The 8th edition of GemGenève was a resounding success, attracting 3,566 visitors from May 9 to 12. The show is known and appreciated for its human-scale dimension and typically Swiss family management, based on values of seriousness and trust, without excluding a warm side.
Dedicated to gems and jewelry, GemGenève turns another page in May 2024: 244 exhibitors (from 22 countries), up from 147 at its launch in 2018, conferences and debates with experts, an exhibition dedicated to opal (Flames of OPAL Essence), craft workshops, a bookshop area, and a Designers’ Village featuring ten hyper-talented start-ups in jewelry and haute joaillerie.
The Salon’s founders, Thomas Faerber and Ronny Totah, can boast an exceptional renewal rate (only 10 new exhibitors admitted this year). A level of loyalty few shows can boast.
LUXUS PLUS caught up with Nadège Totah, daughter of Ronny Totah, co-organizer of the show and curator of the Designers’ Village, which welcomes a number of jewellery creation nuggets each year.
Nadège Totah, a member of the Board of Directors, was born into the jewelry business. She is part of the 3rd generation of dealers and has been working alongside her father Ronny Totah, co-founder of GemGenève, for over ten years. As a regular exhibitor at many international gem and jewelry shows, she has developed a 360° view of their needs. Her innate sense of contact and ability to listen enable her to maintain a privileged relationship with GemGenève exhibitors. And they pay her back in spades!

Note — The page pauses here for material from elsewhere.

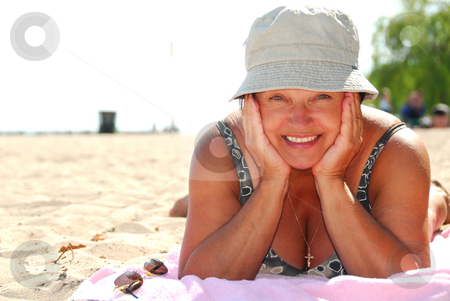 To use this stock image in your creative project, please select the size you need over to the right and click the "Add to Cart" button.
Your downloaded image will come with the Cutcaster watermark removed so don’t worry about the watermark you see on this page. Mature woman beach stock photo, Mature woman lying on a sandy beach by Elena Elisseeva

LUXUS PLUS: You are responsible for organizing the Designers’ Village, which this year selected ten nuggets, ten jewelry and haute joaillerie designers. How do you see the future of the Village?
Nadège Totah: I hope the Designers’ Village will grow in importance, because it brings freshness and novelty and complements the profile of our exhibitors, who tend to be traders and manufacturers. It also creates vocations for the students who visit the Show. But I have to be careful to remain selective. Turning down a new designer is not an easy thing to do when you do this job with heart and passion. But it’s essential to maintain the quality of our Show.

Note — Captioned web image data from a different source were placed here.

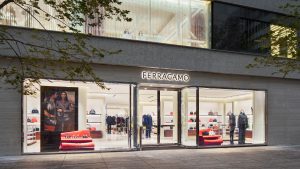 Photo of the new Ferragamo store front in Toronto. There is a big front window that shows the merchandise inside and a bright lit up sign above the door that says "Ferragamo".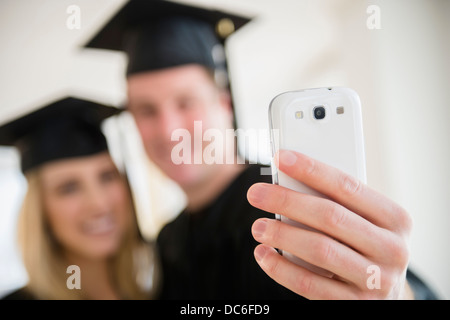 Coppia di amici in abiti di graduazione di prendere foto con lo smartphone Foto Stock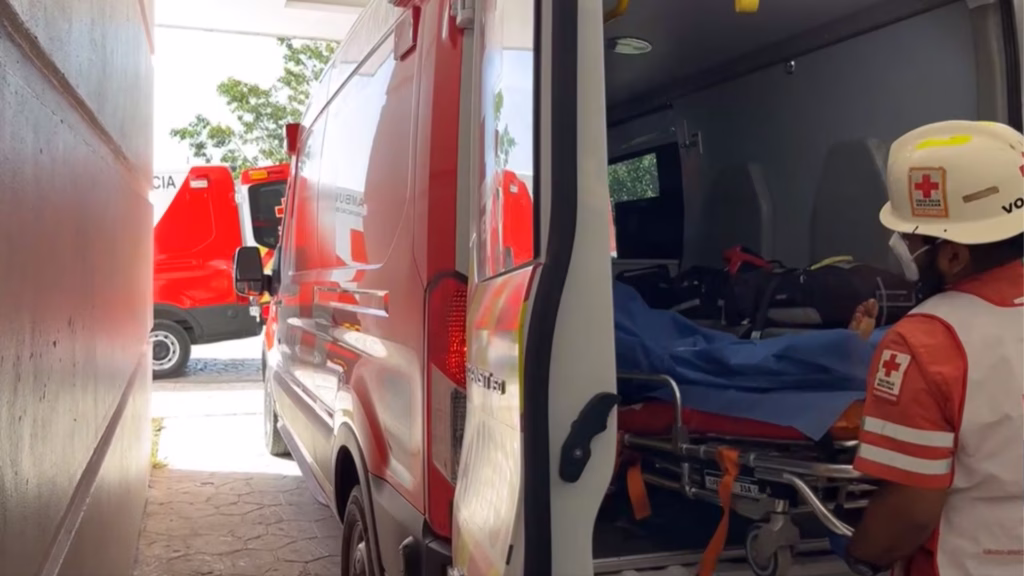 Paramédico de la Cruz Roja junto a una persona trasladada en ambulancia durante un operativo de emergencia.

L+: You like jewelry with a story…
NT: Yes, and especially personalities. I fall in love with personalities. They are reflected, or not, in their jewelry. For example, I had a real surprise with Shavarsh Hakobian, a very discreet designer who doesn’t say much, but whose entire – secret – personality shines through in his incredibly original jewelry. He’s one of those designers who arrive on the first day wondering what they’re doing here, under the impression that they’re “imposters”, that they’re not up to scratch. Finally, once they’re in front of an audience, they talk about themselves and their pieces, and gain confidence. Shavarsh Hakobian already exhibited last year, and for the second year he was keen to create a collection from scratch exclusively for the show. He outdid himself and I think that’s a great victory.
L+: You’ve chosen several designers of Chinese origin. What do you think of their creativity, which is quite exceptional compared to what we see elsewhere?
NT: I couldn’t agree more. I think there’s a lot of talent in China, often self-taught, but language is a real barrier for them. Aso Leon, for example, one of our exhibitors this year, has worked for some of the big names, but had difficulty expressing himself in a foreign language and had never traveled. He was recommended to us by Wallis Hong, a former designer at our Salon. Asian designers don’t export much, so we don’t see their pieces very often. Yet they have exceptional know-how, which deserves to be discovered. I fell in love with their creations, but I didn’t think in terms of nationality; the fact that they’re Chinese is almost a coincidence.
L+: You say you want to integrate designers from the countries where the stones come from, such as Africa. Can you tell us about your projects?
NT: I’ve spotted one or two designers on Instagram who make ethnic jewelry of a very high standard. But their collections aren’t always ready. Their jewelry is currently in silver, but I’d like them to make collections in gold, which is part of the selection criteria for our show. I’m open to all projects. The more designers contact me, the more new projects come in and the more enthusiastic I get. At first, they’re always flattered when I approach them to take part in the show, but then they have a kind of humility about them, they’re impressed by GemGenève and don’t always dare accept. I let them come to me. It’s not always easy to approach them, but there are more and more requests, which is very motivating for me.
L+: Do you see Indian designers emerging with jewelry that can appeal to an international clientele?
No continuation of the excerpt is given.